• _Required work_: Please copy every line of the data in which the string "Steel" appears.

──────── Dataset excerpts ────────

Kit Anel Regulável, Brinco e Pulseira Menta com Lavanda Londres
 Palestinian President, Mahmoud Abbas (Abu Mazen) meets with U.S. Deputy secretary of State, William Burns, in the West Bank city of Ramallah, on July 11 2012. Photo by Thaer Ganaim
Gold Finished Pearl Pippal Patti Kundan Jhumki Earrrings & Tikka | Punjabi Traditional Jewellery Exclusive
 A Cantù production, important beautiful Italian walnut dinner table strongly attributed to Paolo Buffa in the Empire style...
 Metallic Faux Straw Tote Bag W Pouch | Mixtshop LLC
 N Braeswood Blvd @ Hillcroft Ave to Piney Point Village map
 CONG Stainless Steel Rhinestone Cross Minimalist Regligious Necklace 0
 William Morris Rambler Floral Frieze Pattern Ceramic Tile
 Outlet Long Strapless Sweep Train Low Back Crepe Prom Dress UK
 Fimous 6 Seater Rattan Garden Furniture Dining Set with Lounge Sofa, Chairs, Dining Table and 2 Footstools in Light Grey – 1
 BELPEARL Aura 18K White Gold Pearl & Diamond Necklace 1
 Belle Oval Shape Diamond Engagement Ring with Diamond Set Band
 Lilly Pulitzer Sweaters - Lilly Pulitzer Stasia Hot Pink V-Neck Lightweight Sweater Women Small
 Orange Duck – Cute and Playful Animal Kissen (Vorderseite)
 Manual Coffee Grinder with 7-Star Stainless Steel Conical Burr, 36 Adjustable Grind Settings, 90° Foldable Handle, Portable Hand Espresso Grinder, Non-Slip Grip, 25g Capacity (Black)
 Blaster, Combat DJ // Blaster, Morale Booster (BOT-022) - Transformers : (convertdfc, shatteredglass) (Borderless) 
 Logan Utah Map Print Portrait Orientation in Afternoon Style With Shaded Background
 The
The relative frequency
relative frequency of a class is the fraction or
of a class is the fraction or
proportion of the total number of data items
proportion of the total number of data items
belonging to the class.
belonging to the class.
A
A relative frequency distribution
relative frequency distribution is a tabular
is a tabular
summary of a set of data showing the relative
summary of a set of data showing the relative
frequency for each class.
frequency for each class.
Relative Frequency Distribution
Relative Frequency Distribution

────────

• _Solution for this problem_:
 CONG Stainless Steel Rhinestone Cross Minimalist Regligious Necklace 0
 Manual Coffee Grinder with 7-Star Stainless Steel Conical Burr, 36 Adjustable Grind Settings, 90° Foldable Handle, Portable Hand Espresso Grinder, Non-Slip Grip, 25g Capacity (Black)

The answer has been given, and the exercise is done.